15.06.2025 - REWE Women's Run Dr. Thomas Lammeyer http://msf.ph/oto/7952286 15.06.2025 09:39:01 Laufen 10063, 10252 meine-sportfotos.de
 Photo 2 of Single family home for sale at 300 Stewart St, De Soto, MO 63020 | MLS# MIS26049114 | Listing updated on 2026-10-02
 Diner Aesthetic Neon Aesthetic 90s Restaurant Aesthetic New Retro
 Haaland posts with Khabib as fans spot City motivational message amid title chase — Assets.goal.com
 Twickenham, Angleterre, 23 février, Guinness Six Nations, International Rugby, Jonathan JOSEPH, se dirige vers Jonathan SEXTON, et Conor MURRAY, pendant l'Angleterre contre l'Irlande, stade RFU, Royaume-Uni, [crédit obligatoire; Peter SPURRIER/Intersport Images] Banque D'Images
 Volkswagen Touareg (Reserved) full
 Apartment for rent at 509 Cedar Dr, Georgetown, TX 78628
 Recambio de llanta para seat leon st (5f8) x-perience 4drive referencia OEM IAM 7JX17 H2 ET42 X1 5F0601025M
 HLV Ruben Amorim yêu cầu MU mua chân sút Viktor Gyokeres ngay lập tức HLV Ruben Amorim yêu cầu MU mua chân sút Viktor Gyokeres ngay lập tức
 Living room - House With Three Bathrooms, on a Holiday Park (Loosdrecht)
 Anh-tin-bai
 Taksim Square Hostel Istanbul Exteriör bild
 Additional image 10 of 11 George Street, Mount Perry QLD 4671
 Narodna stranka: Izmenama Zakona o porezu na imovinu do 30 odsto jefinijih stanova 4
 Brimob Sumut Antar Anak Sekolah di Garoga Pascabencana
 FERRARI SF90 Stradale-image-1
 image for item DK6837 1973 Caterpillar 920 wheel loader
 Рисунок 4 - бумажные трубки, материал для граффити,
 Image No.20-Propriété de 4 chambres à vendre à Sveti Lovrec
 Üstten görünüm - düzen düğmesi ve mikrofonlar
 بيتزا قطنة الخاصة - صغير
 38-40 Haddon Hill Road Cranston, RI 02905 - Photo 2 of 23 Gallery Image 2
^^^^
WORK ITEM
Only the lines from the one holding "Taksim Square Hostel Istanbul Exteriör bild" through the end of the records should appear in the answer, each repeated exactly.

EXERCISE SOLUTION
 Taksim Square Hostel Istanbul Exteriör bild
 Additional image 10 of 11 George Street, Mount Perry QLD 4671
 Narodna stranka: Izmenama Zakona o porezu na imovinu do 30 odsto jefinijih stanova 4
 Brimob Sumut Antar Anak Sekolah di Garoga Pascabencana
 FERRARI SF90 Stradale-image-1
 image for item DK6837 1973 Caterpillar 920 wheel loader
 Рисунок 4 - бумажные трубки, материал для граффити,
 Image No.20-Propriété de 4 chambres à vendre à Sveti Lovrec
 Üstten görünüm - düzen düğmesi ve mikrofonlar
 بيتزا قطنة الخاصة - صغير
 38-40 Haddon Hill Road Cranston, RI 02905 - Photo 2 of 23 Gallery Image 2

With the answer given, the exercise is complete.